It started when my eldest turned a year old as a way to include him when I was in the kitchen. Baking is in my lifeblood, something that was passed from my Granny to my Momma and from my Momma to me. It is something that relaxes me, almost a form of meditation. I wanted this to be true of my own children as well, and so I decided to simply start. For me, it was a way to create a core memory not only for my kids but for myself as well.

Here’s the thing: social media has a way of making it seem as though baking with little ones is this magical experience…and sometimes it isn’t. Yes, there are these amazing breakthrough moments where I can feel the magic, and I know that my child will remember this.

Most times, though? It is chaos.

Every week, we bake on Thursdays. There are no negotiations, no rainchecks. Usually, chocolate chip sprinkle cookies are made, but sometimes, every once in a while, I can convince my now four-year-old to make something else with me. We don’t do fancy things. There are not any long and involved baked goods with littles. But there are math lessons and reading opportunities mixed with plenty of batter tasting. We have these conversations about Mario Brothers and about his friends at school. I know that these moments are fleeting.

But, no matter how many times we do this, it is still messy. The recipe does not change.
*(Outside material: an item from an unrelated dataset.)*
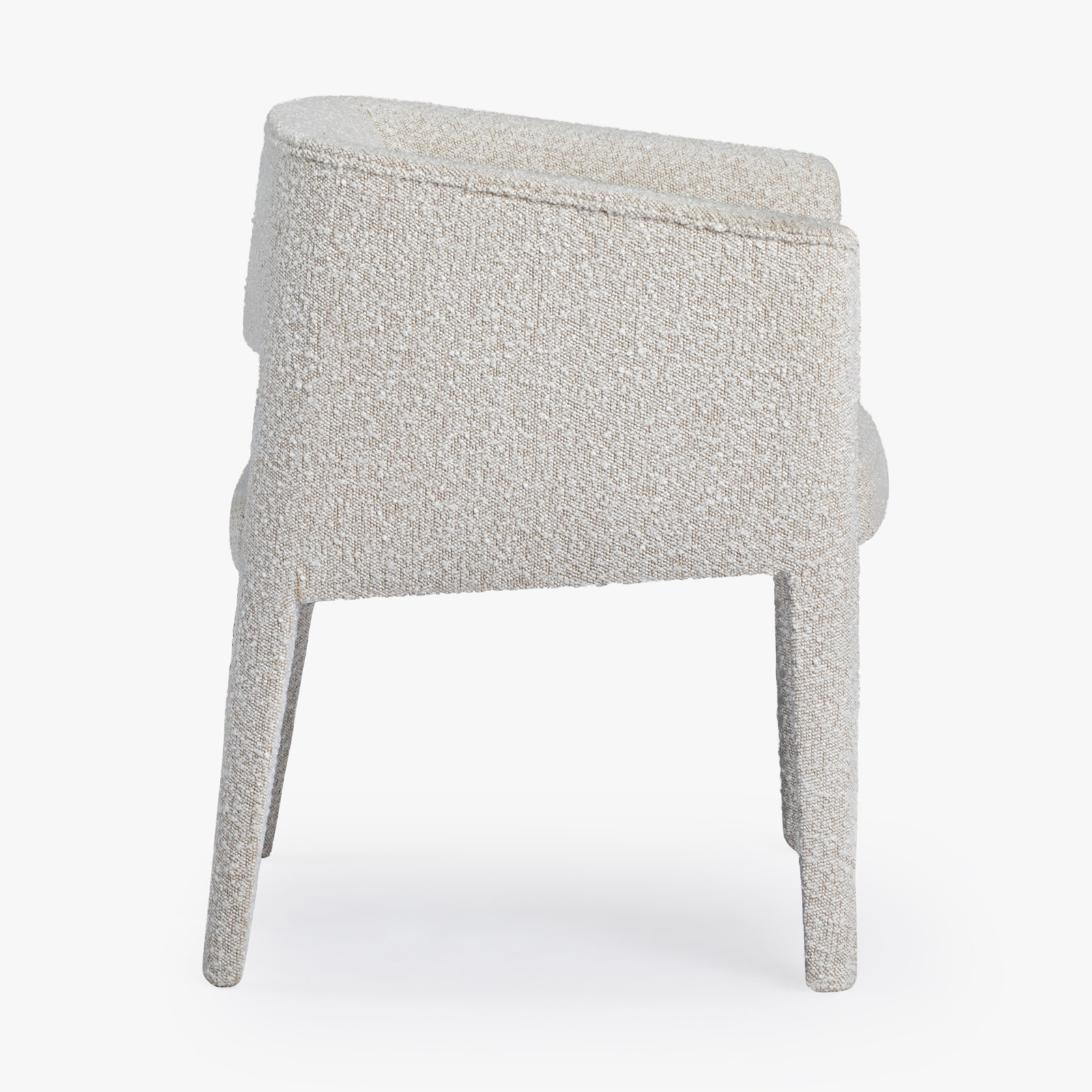 Darrin Dining Armchair, Boucle White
I still get frustrated when my son wants to do it “myself” and decides that we need the whole tub of sprinkles in a single batch. I still want to make the scoops of cookie dough perfectly spherical so that they create that bakery look once baked. It is still chaos every time we put on our aprons, even more so now with our one-year-old second child underfoot. There are weeks where there isn’t a morsel of magic to be found, the intention simply on baking for the sake of baking. There have been a handful of Thursdays where I didn’t want to bake, but my son did…and so we baked.

And maybe that’s the magic? Baking with littles forces me to embrace the mess, lean in, and just soak in every crumb.